**RECORD EXTRACTS**
- Opening Delimiter -
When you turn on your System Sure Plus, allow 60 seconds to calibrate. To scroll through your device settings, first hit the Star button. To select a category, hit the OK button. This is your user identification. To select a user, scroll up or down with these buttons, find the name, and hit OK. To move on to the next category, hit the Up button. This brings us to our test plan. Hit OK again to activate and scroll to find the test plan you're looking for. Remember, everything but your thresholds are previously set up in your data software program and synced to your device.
- Closing Delimiter -
- Opening Delimiter -
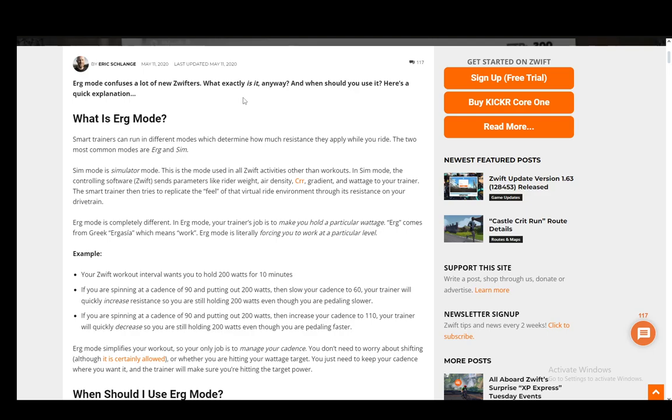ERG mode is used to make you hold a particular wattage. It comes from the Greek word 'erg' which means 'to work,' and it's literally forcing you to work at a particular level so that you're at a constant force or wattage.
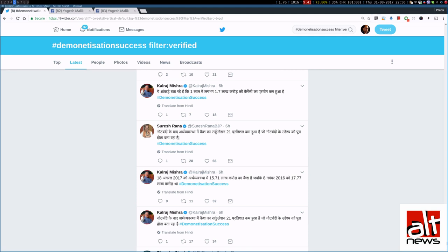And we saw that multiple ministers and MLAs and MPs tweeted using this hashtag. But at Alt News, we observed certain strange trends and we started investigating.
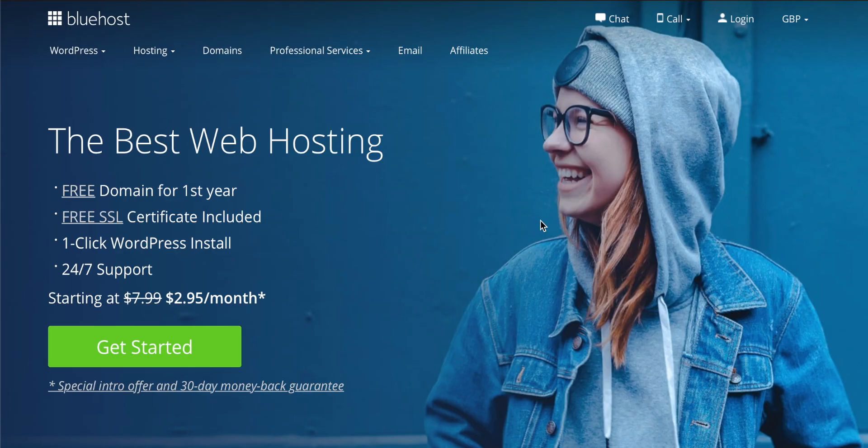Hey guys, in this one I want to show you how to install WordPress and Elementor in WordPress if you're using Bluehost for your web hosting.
- Closing Delimiter -
**WHAT TO PRODUCE**
Taking the records above, print only and exactly the lines from the line with "ERG mode is" to the line with "And we saw that", both kept, and exclude pictures.

**SOLUTION FOR THIS TASK**
ERG mode is used to make you hold a particular wattage. It comes from the Greek word 'erg' which means 'to work,' and it's literally forcing you to work at a particular level so that you're at a constant force or wattage.
And we saw that multiple ministers and MLAs and MPs tweeted using this hashtag. But at Alt News, we observed certain strange trends and we started investigating.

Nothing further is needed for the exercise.